The home loan provider has been under scrutiny since media outlet Cobrapost alleged in January that DHFL diverted loans from Indian state-run lenders to shell companies, including those linked to its controlling shareholders. Its stock has since lost a quarter of its value.
DHFL at the time said the Cobrapost report was unfounded and malicious, and that it had engaged lawyers to defend itself.
Investors on Wednesday welcomed the report from the auditor, T.P. Ostwal & Associates LLP, which said it found no evidence to support Cobrapost’s allegations, sending DHFL’s shares soaring as much as 21 percent. They closed 11 percent higher.
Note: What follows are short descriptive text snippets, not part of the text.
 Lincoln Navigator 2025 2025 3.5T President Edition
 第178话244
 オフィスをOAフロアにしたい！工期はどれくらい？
A Dewan spokeswoman declined comment, and did not answer emailed questions seeking a response to criticism from the auditor.
Aniruddha Bahal, the editor-in-chief of Cobrapost and the author of its report, said the auditor’s report was not trustworthy.
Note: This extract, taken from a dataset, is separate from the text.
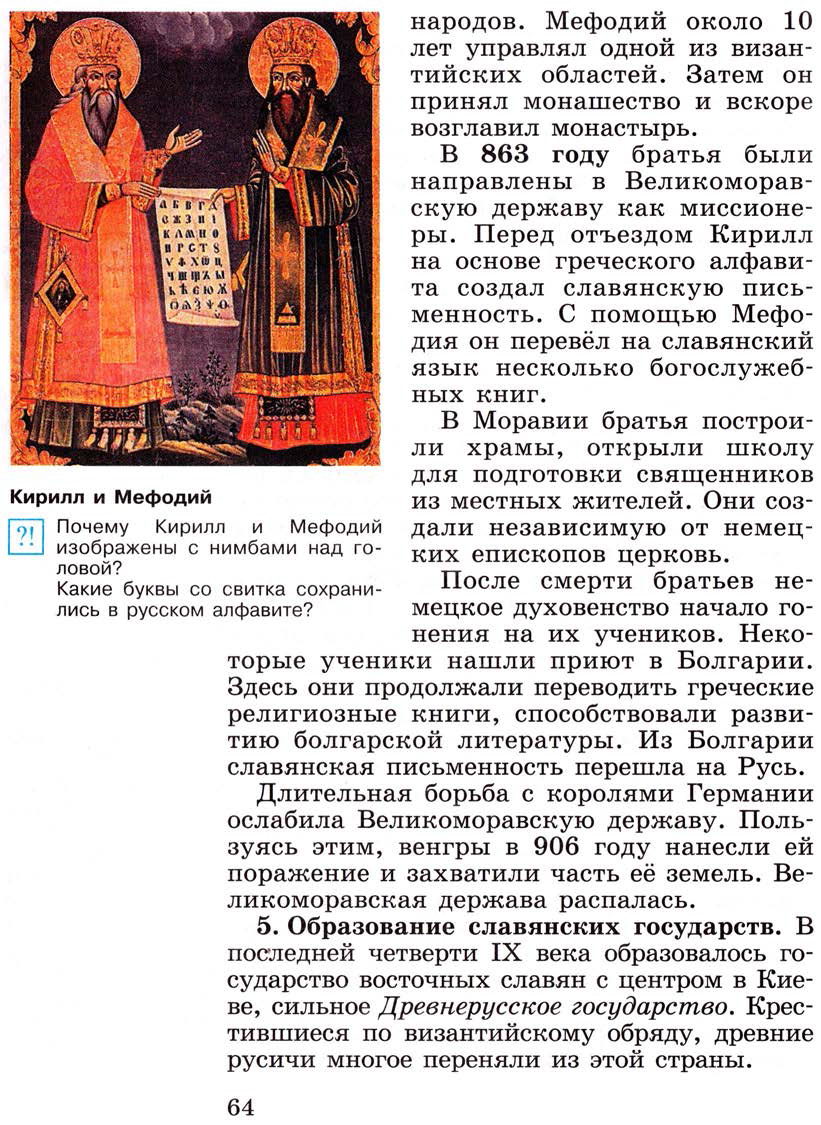 §8 "Образование славянских государств" - Учебник 6 класс "История средних веков" читать онлайн, авторы Агибалова, Донской §8 "Образование славянских государств" - Учебник 6 класс "История средних веков" читать онлайн, авторы Агибалова, Донской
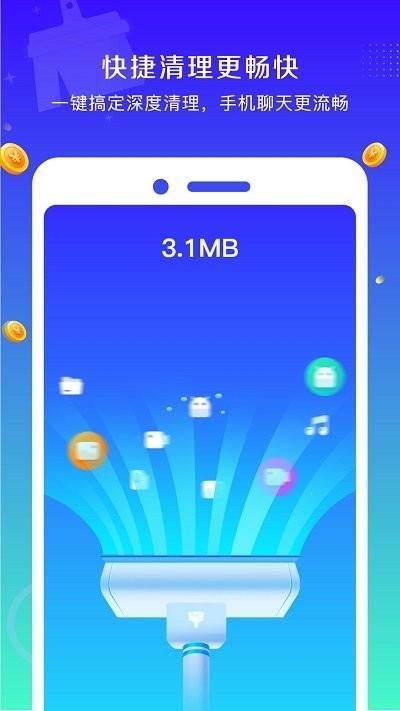 系统清理大师手机版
“It is noteworthy that a listed company has to wait for a month to answer questions of Cobrapost. And when it does it doesn’t answer each specifically but hides behind a CA (auditing) firm,” Bahal said in a WhatsApp text reply to a Reuters query.
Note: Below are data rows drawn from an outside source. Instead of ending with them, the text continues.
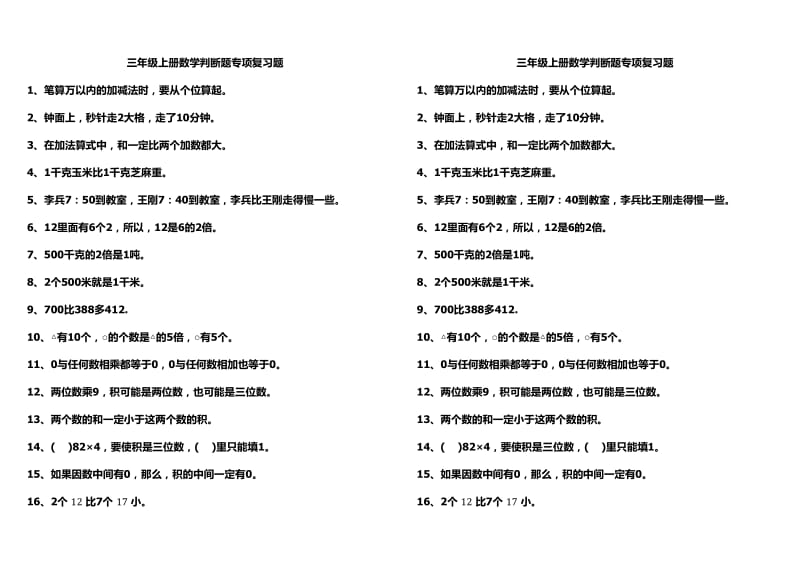 三年級上冊數(shù)學(xué)判斷題專項復(fù)習(xí)題_第1頁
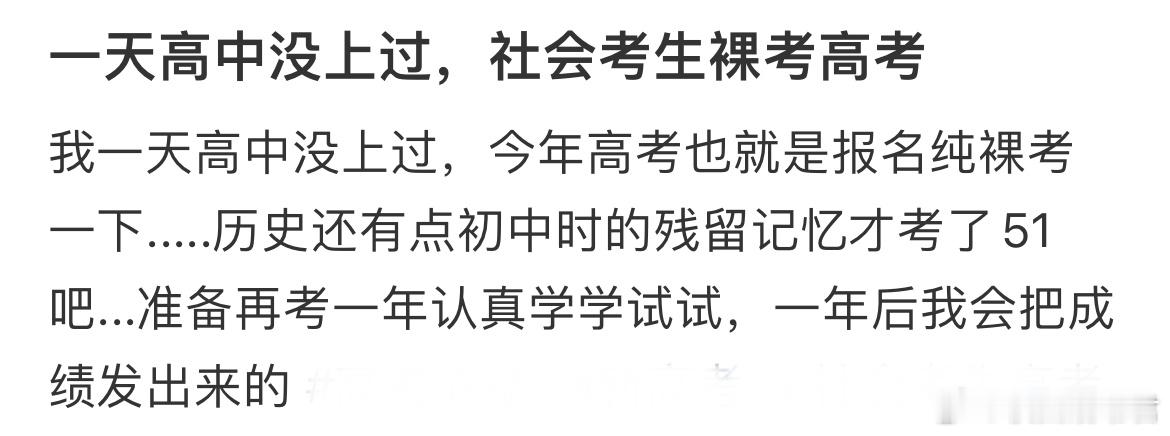 一天高中没上过，社会考生裸考高考[哆啦A梦害怕] ​​​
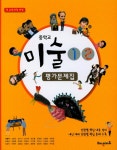         중학 미술 1 2 평가문제집(2018)     중학 미술 1 2 평가문제집(2018)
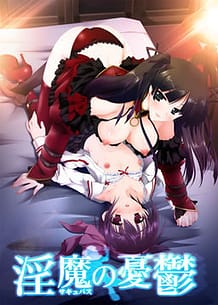 Succubus no Yuuutsu / Cover!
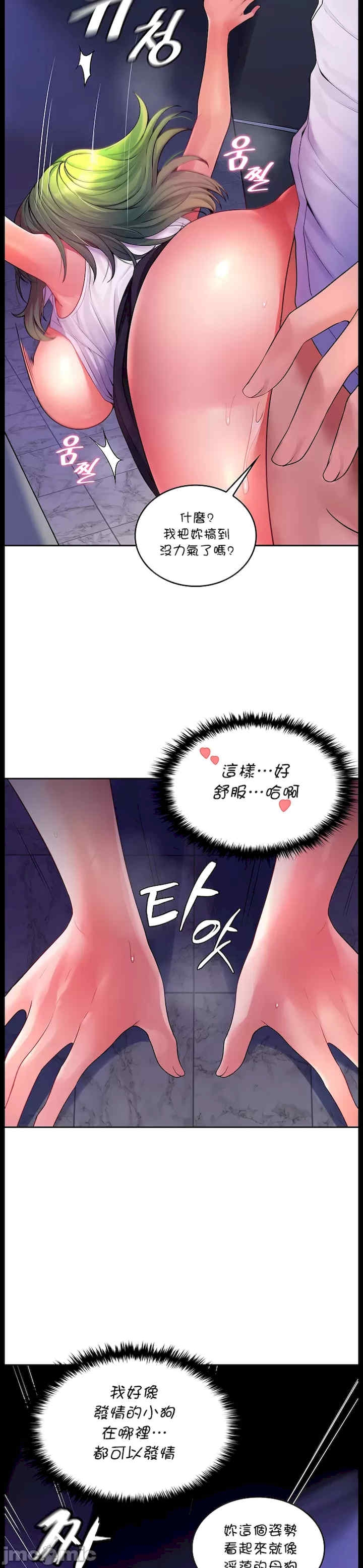 第13张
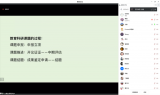 理論進(jìn)階，智慧提升 ——合肥市郎溪路小學(xué)開(kāi)展2023年寒假校本培訓(xùn)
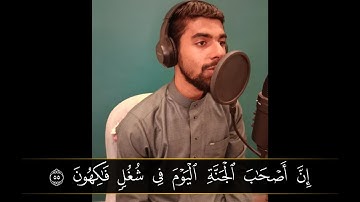 تلاوة مرئية من سورة يس | القارئ انس العرايشى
India’s shadow banking sector has been under a regulatory cloud since last year when lender Infrastructure Leasing and Financial Service Ltd (IL&FS) witnessed a string of defaults.
“There are no indications to confirm the allegations that the Company has created shell companies to divert funds,” T.P. Ostwal & Associates said in the report that was filed by Dewan to India’s National Stock Exchange late on Tuesday.
But the auditor found departures from standard procedures and internal company policies, and said DHFL’s monitoring of the use of funds by borrowers owing 74.85 billion rupees ($1.06 billion) was inadequate.
“These lapses point to deficiency in adherence with policies in several instances - the risk of which needs to be examined by the company,” the auditor said.
Sameer Kalra, an analyst at Target Investing, said the auditor report might help positive sentiment, but “other findings raised a lot of concern”.
“We see any bounce as a good exit point for minority investors,” Kalra told Reuters in emailed comments.
Shares of DHFL, one of India’s largest home loan lenders, have fallen dramatically from their record high in September, and investors have lost over 150 billion rupees of value since.
The auditor cautioned that the lender’s largest shareholders had significant influence in the loan sanctioning process, adding it was “highly probable” that loans to some real estate companies may have been used to buy shares in entities alleged by Cobrapost to be linked to significant shareholders in DHFL.
The auditor, however, said the decisions made by such shareholders were within the framework of related Indian regulation.
The auditor also dismissed as baseless Cobrapost’s allegations of political considerations while disbursing loans.